The title of P’o (Kuei) &/or Hun Shen refers to the ChineseTaoist conception of the soul as separated into two conflicting Yin and Yang souls, which strive for predominance over one another throughout one’s earthly life.At the moment of death,the souls separate from one another. The Yin soul, referred to as the P’o, sinks to the earth as a ghostly being known as a kuei; while the Yang soul, known as the Hun, rises to become an ancestral spirit or god known as a shen.

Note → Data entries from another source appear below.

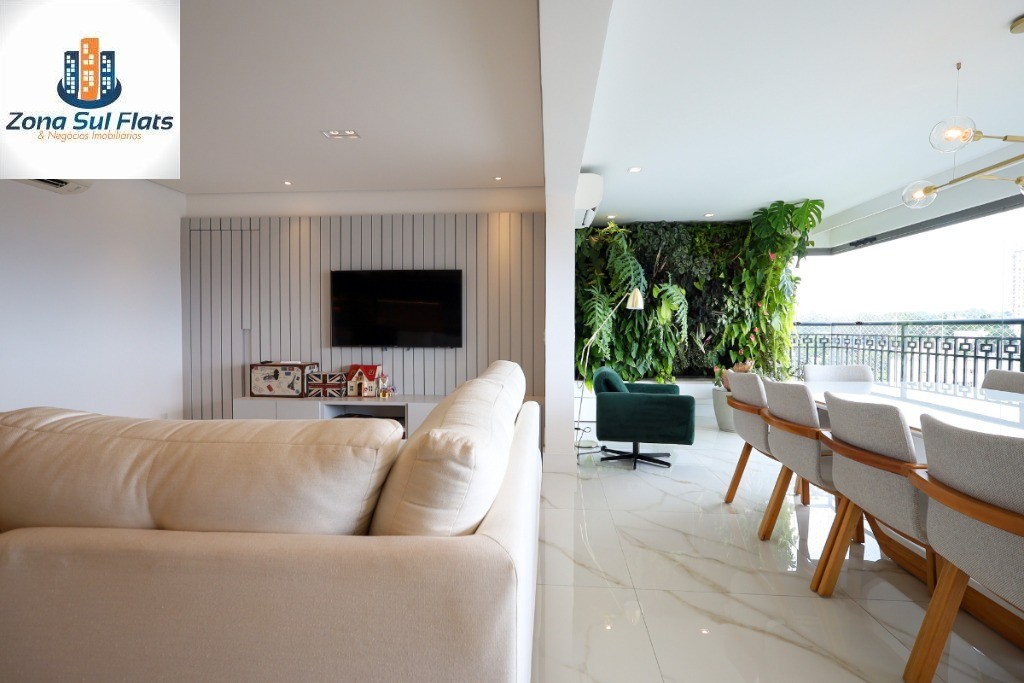 Apartamento, 3 quartos, 138 m² - Foto 14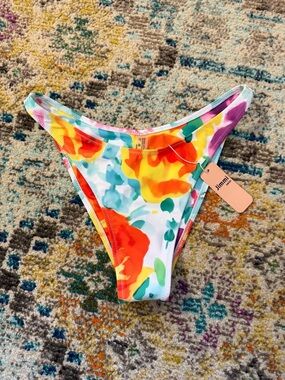 Jimmi bikini bottoms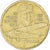 Coin, Australia, Dollar, 1997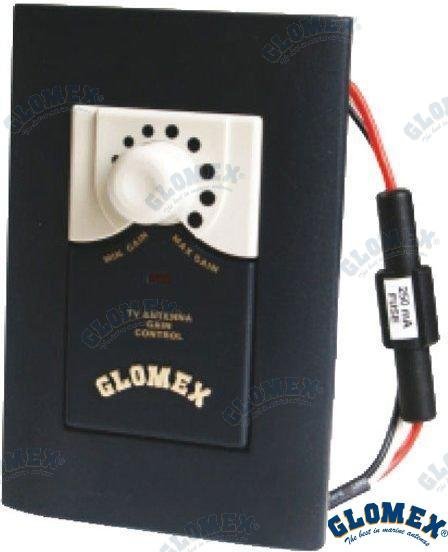 AMPLIFICADOR PARA V9130 Glomex GLO50030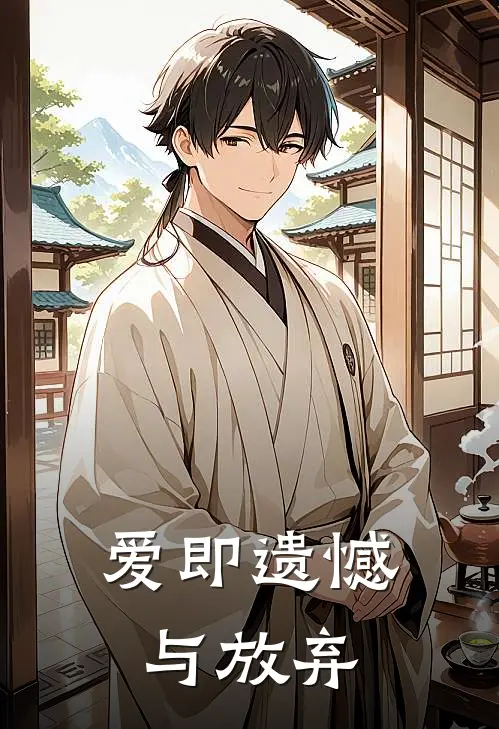 爱即遗憾与放弃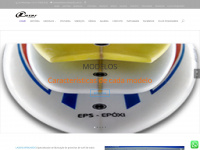 Lasersurfboards.com.br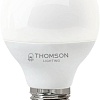 Светодиодная лампочка Thomson A50 E27 6Вт 4000 К TH-B2038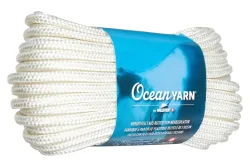 Ocean Yarn Seilbund Weiss | 24 m | 420 kg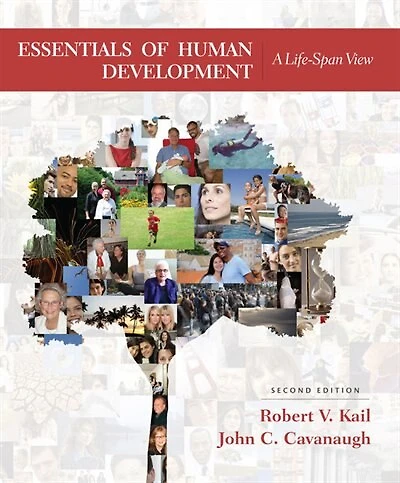 Essentials Of Human Development: A Life-span View
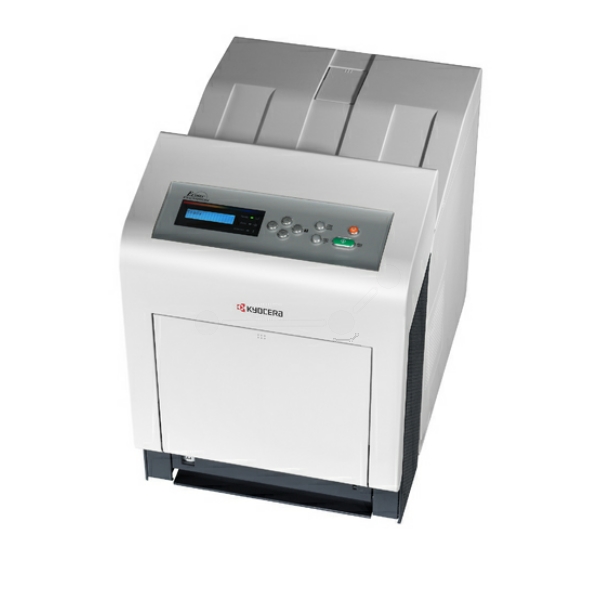 Kyocera FS-C 5300 Series Farblaserdrucker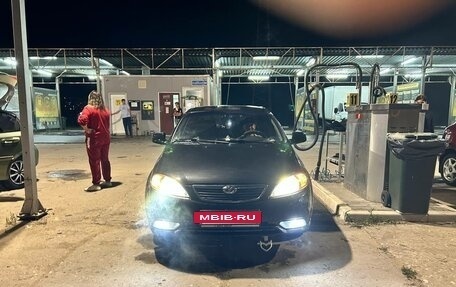 Daewoo Gentra II, 2013 год, 750 000 рублей, 2 фотография
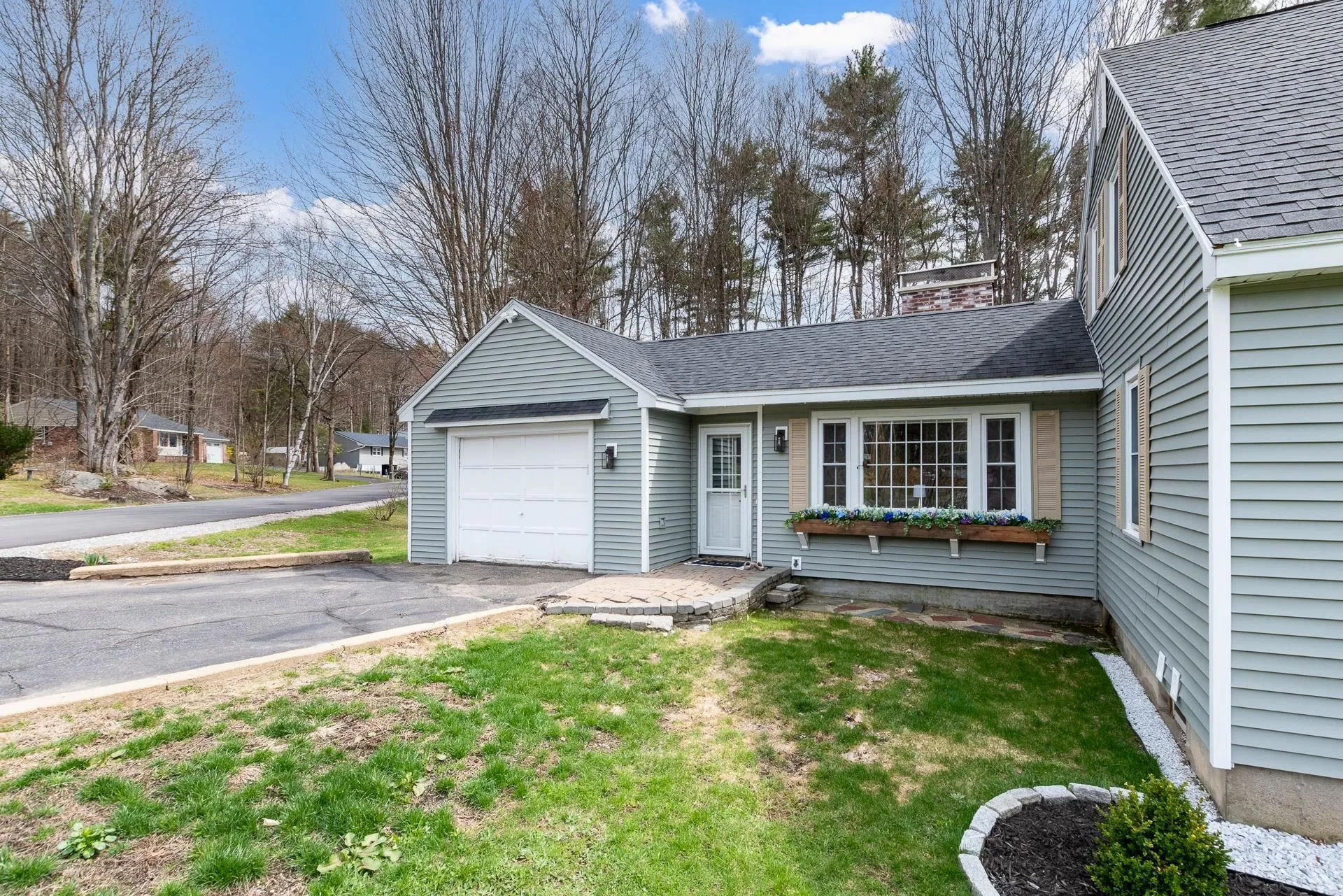 32 Cyrus Lane Gilford NH 03249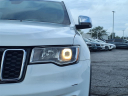 Thumbnail image of 2021 Jeep Grand Cherokee at Kings Kia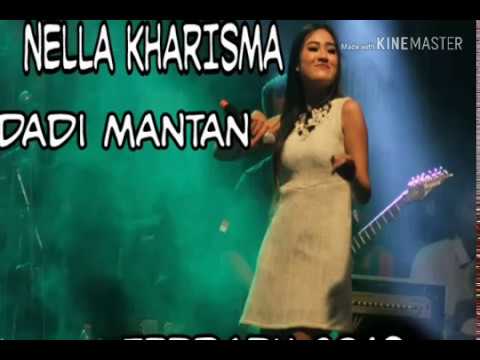 Nella Kharisma-Dadi Mantan | album terbaru | dangdut koplo terbaru Nella Kharisma-Dadi Mantan | album terbaru | dangdut koplo terbaru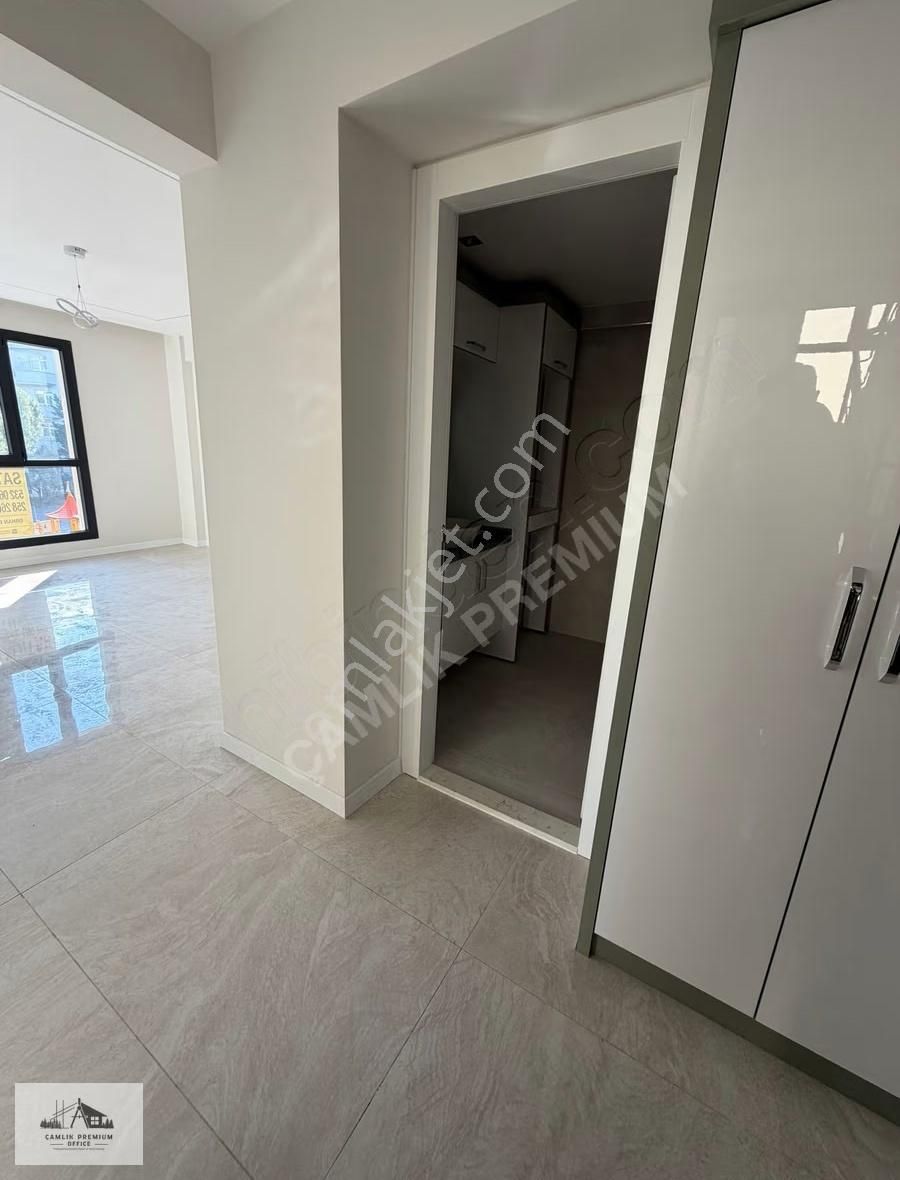 Kınıklı Mah. 10.noter Arkasında Arakat Tek Tapu Çift Apart - Görsel 5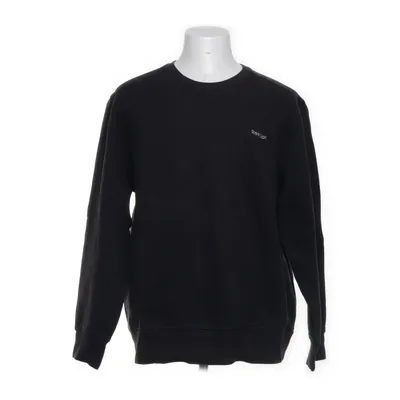 Collegetröja (Grå) från Reebok Bomull, Polyester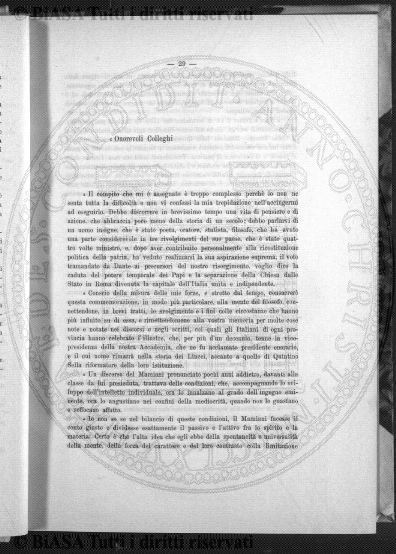 n. 4 (1909) - Pagina: 121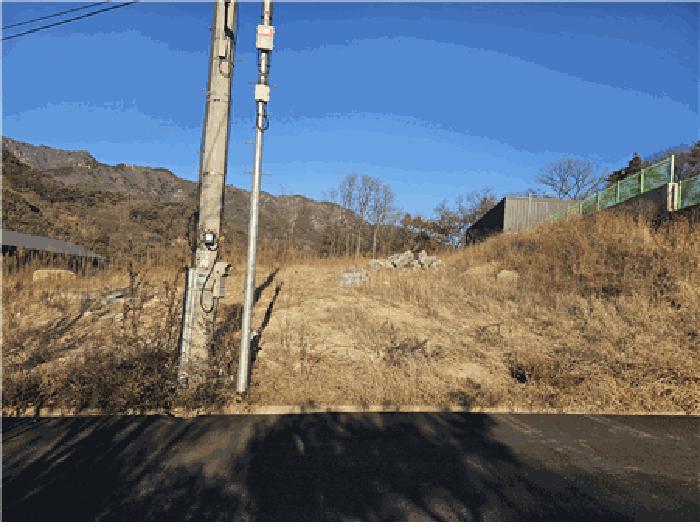 법원경매 2025타경1151 사진8 | 대구 동구 진인동 산203-6 임야 경매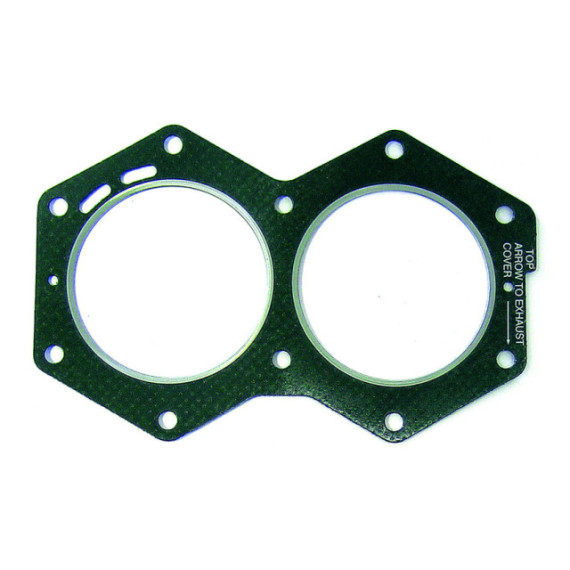 Athena cylinder head gasket, Johnson/Evinrude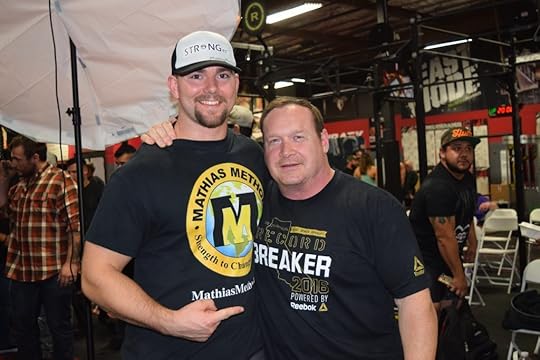ed can and the stronger coach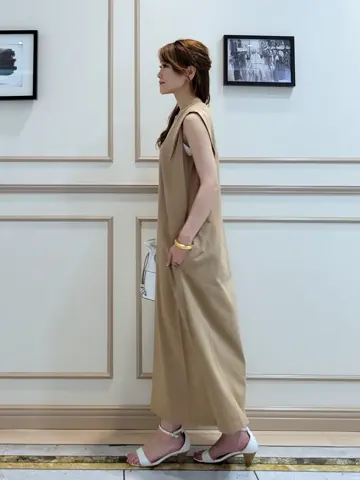 ONWARD CROSSET SELECT 濱地 コーディネート画像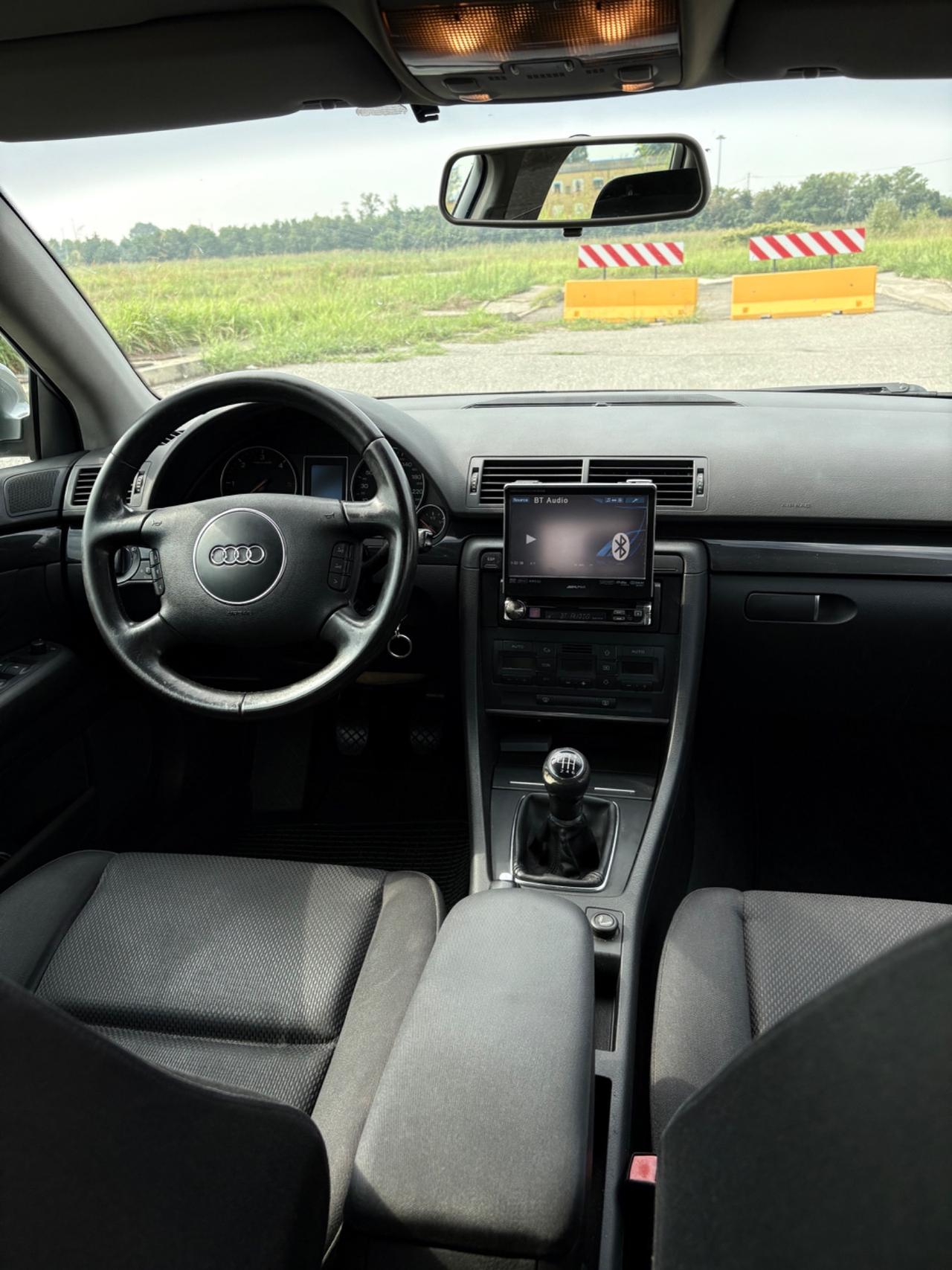 Audi A4 1.9 TDI Sport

The work is a wild trombone showpiece originally written for and performed by loadbang. For this recording, strings take over the role of the Hun, heightening the still and transcendent quality of the chords through their homogenous sound. William Lang performs the earthy and violent P’o spirit, shrieking, shouting, and tearing across all ranges of the trombone and then some. Lang and Kozar have worked together for more than five years, and lived together for some of that time. Hearing a musician warm up and practice day after day can give a special kind of insight about their particular strengths and qualities, and can allow a composer to write a piece uniquely suited to the performer, like this work is to Will. For many reasons, I am hard pressed to think of another performer who could even come close to doing the piece justice; it is uniquely his as much as it is Andy’s.

The eponymous On the end is a series of pieces for trumpeter and guitarist which all have to do with the idea of death and its various implications. Both the physical decay of the body and the existential loss of being forgotten are portrayed musically through a collection of short, mostly text- and image-based scores.These pieces are perhaps moreso than any other on the album improvised and written with the specific performers and their playing in mind.The idiosyncracies of Andy Kozar’s trumpet playing and Kobe Van Cauwenberghe’s electric guitar playing are alternately deeply explored (in improvised or virtuosic passages on their instruments) and completely ignored (in blowing up balloons until they burst, hammering boards together, &c.).